Dans mon précédent article On ne peut pas comprendre ce qui rend une ville vivante sans comprendre ce que veut dire « incrémental » On ne peut pas comprendre ce qui rend une ville vivante sans comprendre ce que veut dire « incrémental » , je rappelais qu’on ne peut pas comprendre ce qui rend une ville vivante sans comprendre ce que veut dire  incrémental .

Mais l’incrémentalité ne suffit pas.

Elle dit une chose essentielle : la ville se transforme par étapes.

Elle ne dit pas encore comment ces étapes sont produites, ni de quoi elles dépendent.

Pour cela, il faut introduire un deuxième concept : la récursivité.

Un détour par les mathématiques permet de clarifier la différence.

Une évolution incrémentale peut se formaliser comme une suite où l’on ajoute une quantité constante :

uₙ₊₁ = uₙ + 1

On progresse pas à pas, par addition.

Une évolution récursive est d’une autre nature.

Chaque terme est défini à partir du précédent, selon une règle de transformation :

uₙ₊₁ = f(uₙ)

On n’ajoute pas simplement.

On transforme un état existant selon une règle.

Le résultat de l’étape n devient la condition de l’étape n+1.

La distinction est décisive.

  • L’incrémental décrit le fait qu’il y a des étapes.
  • Le récursif décrit la manière dont chaque étape est produite à partir de la précédente.

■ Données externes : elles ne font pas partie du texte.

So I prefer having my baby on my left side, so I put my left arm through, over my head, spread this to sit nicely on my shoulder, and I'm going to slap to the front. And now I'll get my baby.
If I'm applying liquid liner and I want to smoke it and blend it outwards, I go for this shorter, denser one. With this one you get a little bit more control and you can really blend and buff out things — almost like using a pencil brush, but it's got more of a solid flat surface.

Or une ville réelle n’évolue jamais à partir de zéro.

Elle évolue toujours à partir d’elle-même.

Une division parcellaire reconfigure un découpage existant.

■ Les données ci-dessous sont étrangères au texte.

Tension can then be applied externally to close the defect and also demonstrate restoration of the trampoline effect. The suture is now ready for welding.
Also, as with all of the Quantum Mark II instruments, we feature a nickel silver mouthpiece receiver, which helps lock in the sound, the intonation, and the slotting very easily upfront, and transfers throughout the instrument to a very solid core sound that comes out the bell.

  • Une surélévation transforme une structure existante.
  • Un changement d’usage reprogramme un bâti existant.
  • Une rue évolue à partir de flux, de bâtis et d’usages déjà constitués.

Mais cela ne suffit pas encore à décrire le phénomène.

Car les transformations futures ne dépendent pas seulement de l’état matériel hérité.

Elles dépendent aussi du système de règles en vigueur :

  • Des règles d’urbanisme.
  • Des servitudes.
  • Des possibilités de division, de surélévation, de changement d’usage, de densification.

Autrement dit, une étape urbaine dépend à la fois :

  • de l’état présent du tissu,
  • des transformations passées qui l’ont produit,
  • et du cadre réglementaire qui détermine ce qu’il est possible de faire ensuite.

Et ce cadre, lui aussi, évolue.

C’est cela, au fond, la récursivité urbaine.

Chaque état de la ville contient les conditions du suivant.

La ville se transforme à partir d’un état hérité, à travers un système de règles qui sélectionne, autorise, freine ou interdit certaines bifurcations.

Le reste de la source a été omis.